Architectural Components

1. GPX Parser (core/gpx_parser.py)

Reads the input .gpx file and extracts the ordered list of trackpoints (latitude, longitude, elevation, timestamp). Also derives the bounding box used downstream for DEM and imagery fetching.

2. Photo Matcher (core/photo_matcher.py)

Reads EXIF metadata from photo files on demand (GPS coordinates, capture timestamp) and resolves each photo to its position along the track using one of three strategies:

• timestamp — closest trackpoint by time delta
• gps — closest trackpoint by geographic distance
• both (default) — GPS primary, timestamp fallback; warns when the two disagree beyond a configurable threshold

Photos that fall before or after the track time range are assigned a pre or post position and displayed as a slideshow before/after the fly-through. Outputs a list of MatchResult objects carrying photo_path, trackpoint_index, position (pre/track/post), and any warning or error.

3. DEM Fetcher (core/dem_fetcher.py)

Downloads SRTM elevation tiles (via the srtm-py library) for the expanded track bounding box. Tiles are cached locally (~/.cache/srtm.py/). Exposes a regular ElevationGrid (90 m resolution, float32, row-major) ready for mesh construction. Outlier cells and NoData voids are smoothed before the grid is handed to the scene builder.

4. Satellite Imagery Fetcher (core/satellite/)

Downloads XYZ/TMS tile imagery for the track bounding box at an automatically selected zoom level and stitches tiles into a single RGB texture. Supported providers:

Provider	Key required
ESRI World Imagery (default)	No
ESRI Clarity	No
MapTiler Satellite	Yes (free tier)
Custom XYZ URL	—

5. 3D Scene Builder (core/scene_builder.py)

Launches Blender headlessly and runs blender_scripts/build_scene.py to:

• Construct the terrain mesh from the elevation grid and apply the satellite texture
• Build the animated track ribbon (colour-coded by slope gradient or GPS speed, with an optional self-lit emission mode) with a Build modifier for progressive reveal
• Place the animated position marker and photo waypoint pins (billboard meshes with camera-facing constraints)
• Set up sun lighting using computed azimuth/elevation for the track's location and time

The resulting .blend file references the texture tiles as external PNG files and is stored in a temporary directory managed by temp_manager.
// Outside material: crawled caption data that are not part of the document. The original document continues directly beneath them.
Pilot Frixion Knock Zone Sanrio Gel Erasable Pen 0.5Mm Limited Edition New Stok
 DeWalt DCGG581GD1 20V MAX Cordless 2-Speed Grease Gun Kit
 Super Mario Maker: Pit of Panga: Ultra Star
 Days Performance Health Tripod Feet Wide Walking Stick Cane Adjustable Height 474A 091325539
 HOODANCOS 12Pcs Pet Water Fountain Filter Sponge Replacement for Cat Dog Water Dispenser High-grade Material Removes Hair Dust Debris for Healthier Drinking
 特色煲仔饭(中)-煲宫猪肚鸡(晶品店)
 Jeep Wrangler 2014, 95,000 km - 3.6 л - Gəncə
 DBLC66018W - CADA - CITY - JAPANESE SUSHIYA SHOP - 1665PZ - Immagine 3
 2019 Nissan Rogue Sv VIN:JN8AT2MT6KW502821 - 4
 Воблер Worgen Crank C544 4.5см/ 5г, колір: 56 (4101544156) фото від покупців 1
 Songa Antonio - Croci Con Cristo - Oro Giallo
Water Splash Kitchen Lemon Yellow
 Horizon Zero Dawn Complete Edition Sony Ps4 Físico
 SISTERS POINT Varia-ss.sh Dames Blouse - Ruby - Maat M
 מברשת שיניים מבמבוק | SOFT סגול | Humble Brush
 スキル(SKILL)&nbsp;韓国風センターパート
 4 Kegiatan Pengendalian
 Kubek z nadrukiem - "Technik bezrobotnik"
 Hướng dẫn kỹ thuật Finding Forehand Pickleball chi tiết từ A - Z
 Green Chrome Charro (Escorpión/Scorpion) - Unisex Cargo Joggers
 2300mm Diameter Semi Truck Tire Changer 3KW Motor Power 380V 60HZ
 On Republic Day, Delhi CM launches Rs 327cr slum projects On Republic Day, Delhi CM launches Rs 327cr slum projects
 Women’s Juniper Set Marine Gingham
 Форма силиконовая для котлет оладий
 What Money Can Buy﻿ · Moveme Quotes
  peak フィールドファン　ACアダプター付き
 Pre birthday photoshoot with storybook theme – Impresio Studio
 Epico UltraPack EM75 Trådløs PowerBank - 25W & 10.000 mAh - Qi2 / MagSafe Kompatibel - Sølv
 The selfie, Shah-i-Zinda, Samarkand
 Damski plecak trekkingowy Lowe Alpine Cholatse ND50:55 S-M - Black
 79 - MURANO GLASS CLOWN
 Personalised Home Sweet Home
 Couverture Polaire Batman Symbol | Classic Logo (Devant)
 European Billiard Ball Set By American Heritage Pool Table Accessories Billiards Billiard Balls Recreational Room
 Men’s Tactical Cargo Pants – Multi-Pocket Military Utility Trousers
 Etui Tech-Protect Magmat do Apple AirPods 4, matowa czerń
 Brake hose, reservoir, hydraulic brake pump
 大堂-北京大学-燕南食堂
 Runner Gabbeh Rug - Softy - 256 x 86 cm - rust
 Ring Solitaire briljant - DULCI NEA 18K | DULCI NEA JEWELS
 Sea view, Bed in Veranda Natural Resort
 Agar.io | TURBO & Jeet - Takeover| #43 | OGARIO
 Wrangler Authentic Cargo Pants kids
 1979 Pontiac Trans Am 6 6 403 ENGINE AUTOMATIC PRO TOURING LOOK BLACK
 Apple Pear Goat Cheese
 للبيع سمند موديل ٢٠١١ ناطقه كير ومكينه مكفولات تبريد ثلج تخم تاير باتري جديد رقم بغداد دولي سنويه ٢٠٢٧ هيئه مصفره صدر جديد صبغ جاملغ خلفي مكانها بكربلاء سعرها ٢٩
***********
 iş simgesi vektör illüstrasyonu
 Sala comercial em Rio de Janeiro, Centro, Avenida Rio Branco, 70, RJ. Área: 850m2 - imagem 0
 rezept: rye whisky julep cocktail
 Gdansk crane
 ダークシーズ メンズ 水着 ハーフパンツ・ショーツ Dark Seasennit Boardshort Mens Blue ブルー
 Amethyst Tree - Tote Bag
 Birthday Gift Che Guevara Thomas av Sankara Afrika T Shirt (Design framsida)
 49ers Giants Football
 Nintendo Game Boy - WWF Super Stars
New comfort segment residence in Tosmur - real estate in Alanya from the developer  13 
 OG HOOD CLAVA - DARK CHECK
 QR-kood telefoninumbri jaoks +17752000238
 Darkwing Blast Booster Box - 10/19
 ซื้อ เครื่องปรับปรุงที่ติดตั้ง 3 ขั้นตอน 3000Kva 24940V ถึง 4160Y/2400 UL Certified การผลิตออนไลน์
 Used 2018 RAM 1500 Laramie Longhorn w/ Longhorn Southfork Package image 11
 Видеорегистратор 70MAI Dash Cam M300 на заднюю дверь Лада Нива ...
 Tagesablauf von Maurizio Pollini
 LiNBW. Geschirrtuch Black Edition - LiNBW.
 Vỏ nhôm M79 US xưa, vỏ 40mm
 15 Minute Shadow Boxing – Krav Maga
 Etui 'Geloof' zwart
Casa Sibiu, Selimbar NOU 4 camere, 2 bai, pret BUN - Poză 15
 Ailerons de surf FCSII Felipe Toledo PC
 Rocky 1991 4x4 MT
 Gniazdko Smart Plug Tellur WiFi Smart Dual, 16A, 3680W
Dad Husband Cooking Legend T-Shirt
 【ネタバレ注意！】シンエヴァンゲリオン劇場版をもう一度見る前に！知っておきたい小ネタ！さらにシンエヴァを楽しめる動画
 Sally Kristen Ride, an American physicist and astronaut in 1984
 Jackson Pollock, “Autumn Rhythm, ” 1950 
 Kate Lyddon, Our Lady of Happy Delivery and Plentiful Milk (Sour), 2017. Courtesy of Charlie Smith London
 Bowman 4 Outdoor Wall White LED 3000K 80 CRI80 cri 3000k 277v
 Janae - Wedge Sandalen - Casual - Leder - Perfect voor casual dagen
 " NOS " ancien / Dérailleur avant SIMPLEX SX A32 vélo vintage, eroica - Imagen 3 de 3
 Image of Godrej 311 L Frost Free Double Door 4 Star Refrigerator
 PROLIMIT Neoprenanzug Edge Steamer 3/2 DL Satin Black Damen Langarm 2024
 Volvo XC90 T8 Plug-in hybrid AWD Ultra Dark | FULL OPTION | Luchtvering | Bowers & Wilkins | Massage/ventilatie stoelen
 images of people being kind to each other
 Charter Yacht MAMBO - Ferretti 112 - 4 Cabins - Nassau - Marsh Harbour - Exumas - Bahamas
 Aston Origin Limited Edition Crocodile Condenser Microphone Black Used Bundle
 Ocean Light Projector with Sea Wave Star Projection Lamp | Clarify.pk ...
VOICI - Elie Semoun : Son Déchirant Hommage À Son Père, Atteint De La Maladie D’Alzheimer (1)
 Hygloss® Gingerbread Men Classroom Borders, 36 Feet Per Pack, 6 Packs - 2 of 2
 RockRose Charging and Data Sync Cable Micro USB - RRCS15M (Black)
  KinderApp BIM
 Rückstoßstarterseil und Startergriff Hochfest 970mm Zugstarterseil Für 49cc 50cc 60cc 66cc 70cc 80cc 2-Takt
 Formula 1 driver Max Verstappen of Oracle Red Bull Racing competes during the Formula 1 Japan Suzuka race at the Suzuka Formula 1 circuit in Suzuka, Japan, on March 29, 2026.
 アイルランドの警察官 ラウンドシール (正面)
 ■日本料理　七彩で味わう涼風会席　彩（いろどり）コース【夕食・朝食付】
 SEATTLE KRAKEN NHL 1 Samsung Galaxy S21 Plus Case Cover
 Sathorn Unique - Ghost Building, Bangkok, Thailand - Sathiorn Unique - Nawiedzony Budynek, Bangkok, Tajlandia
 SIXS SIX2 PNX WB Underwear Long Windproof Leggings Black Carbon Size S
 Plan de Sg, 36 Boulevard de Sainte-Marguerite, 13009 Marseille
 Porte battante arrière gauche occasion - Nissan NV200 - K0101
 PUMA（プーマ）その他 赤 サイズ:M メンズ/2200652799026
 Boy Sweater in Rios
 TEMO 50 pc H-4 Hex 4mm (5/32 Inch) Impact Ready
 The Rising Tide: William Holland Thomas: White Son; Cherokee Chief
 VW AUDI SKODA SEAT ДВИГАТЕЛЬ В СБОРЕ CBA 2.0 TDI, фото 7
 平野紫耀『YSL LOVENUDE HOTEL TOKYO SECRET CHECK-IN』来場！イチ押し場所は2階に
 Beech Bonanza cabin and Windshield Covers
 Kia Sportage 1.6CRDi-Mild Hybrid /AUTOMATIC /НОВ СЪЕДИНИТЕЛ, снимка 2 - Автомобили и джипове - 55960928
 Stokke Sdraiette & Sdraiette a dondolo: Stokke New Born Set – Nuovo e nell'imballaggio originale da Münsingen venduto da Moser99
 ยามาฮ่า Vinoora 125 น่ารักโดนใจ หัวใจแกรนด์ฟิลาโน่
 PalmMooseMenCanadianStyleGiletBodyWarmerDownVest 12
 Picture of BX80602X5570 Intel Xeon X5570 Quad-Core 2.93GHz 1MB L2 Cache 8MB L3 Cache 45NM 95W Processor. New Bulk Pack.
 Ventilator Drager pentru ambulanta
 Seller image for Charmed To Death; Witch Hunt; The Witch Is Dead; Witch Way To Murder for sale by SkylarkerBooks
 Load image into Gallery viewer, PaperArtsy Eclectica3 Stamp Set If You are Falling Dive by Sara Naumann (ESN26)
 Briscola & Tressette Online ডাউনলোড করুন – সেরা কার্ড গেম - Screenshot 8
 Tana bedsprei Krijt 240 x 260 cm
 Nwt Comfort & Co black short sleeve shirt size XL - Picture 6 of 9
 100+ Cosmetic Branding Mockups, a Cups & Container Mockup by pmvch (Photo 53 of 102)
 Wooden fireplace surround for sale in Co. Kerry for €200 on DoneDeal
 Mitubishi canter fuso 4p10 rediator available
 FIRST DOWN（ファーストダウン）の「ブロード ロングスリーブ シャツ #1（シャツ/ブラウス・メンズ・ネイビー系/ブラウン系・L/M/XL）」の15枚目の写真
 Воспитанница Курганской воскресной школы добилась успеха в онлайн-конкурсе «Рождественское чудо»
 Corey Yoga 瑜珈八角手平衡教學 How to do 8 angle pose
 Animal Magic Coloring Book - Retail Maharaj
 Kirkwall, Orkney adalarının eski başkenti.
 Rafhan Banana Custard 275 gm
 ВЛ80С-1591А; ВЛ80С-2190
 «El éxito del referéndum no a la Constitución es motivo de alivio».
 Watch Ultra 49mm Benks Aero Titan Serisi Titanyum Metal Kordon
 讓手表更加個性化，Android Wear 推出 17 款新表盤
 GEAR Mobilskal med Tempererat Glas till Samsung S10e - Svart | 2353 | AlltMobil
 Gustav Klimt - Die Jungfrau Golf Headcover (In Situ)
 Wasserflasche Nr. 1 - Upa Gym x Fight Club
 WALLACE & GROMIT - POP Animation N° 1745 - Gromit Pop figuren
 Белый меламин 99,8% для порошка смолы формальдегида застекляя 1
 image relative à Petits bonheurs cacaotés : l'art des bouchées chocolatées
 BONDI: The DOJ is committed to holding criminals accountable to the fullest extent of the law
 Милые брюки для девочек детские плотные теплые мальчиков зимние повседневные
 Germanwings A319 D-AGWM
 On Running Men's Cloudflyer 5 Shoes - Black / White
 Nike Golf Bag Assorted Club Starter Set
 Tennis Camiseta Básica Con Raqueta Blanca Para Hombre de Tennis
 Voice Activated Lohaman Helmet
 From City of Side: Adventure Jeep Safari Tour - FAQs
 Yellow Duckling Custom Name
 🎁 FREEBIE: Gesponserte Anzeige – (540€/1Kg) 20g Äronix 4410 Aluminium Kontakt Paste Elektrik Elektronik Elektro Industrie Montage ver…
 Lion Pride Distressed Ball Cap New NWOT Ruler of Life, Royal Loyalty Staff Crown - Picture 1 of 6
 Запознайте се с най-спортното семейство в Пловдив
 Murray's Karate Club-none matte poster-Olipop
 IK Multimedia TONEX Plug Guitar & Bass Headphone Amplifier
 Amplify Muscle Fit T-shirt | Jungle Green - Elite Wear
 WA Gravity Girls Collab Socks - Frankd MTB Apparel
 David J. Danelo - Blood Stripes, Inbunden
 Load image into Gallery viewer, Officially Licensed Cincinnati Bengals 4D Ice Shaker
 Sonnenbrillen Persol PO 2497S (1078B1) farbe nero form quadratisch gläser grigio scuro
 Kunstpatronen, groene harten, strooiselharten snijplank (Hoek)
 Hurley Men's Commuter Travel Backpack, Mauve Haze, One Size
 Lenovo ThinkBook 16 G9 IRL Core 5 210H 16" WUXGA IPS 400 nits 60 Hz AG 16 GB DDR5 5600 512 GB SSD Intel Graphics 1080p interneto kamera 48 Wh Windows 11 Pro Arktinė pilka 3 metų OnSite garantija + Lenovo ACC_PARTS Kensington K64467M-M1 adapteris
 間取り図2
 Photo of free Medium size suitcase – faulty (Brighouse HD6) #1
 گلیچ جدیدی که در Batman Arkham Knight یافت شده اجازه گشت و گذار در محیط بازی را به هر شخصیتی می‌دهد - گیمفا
Stale temporary directories from previous runs are detected and pruned on startup via temp_manager.cleanup_stale(); a custom base directory can be configured in Pipeline Settings → Rendering.

6. Camera Path Generator (core/camera_path.py)

Fits a parametric cubic B-spline through the trackpoints and resamples it at equal arc-length intervals (one sample per frame at the configured speed). Computes per-frame camera position (behind and above the track at a configurable slant distance and tilt), look-at direction (tangent or next-waypoint), and inserts pause keyframes at photo waypoint positions. Outputs a list of CameraKeyframe objects.

Orientation smoothing is applied in two passes:

1. Gaussian smoothing in unwrapped angle space (arctan2 → np.unwrap → Gaussian filter) to remove high-frequency heading noise from GPS jitter.
2. Spike filter using a MAD (median absolute deviation) outlier detector: frame-to-frame heading deltas whose magnitude exceeds 6× the median delta are flagged, and the affected frames are replaced with np.interp linear interpolation over the surrounding good frames. This eliminates the abrupt single-frame heading reversals that survive Gaussian smoothing because they span only one or two frames.

7. Frame Renderer (core/frame_renderer.py)

Launches Blender headlessly and runs blender_scripts/render_frames.py, which positions the camera at each keyframe and renders a PNG. Three render engines are supported:

• Viewport (draft) — EEVEE at 4 TAA samples, no shadow maps, no ambient occlusion, satellite textures downscaled to 50% resolution in VRAM before rendering. This is the primary performance lever for terrain scenes, which are texture-bandwidth-bound rather than compute-bound.
• EEVEE — full rasterisation at the configured quality level (32/64/128 samples).
• Cycles — physically-based path tracer at the configured quality level (64/128/256 samples), with automatic GPU detection.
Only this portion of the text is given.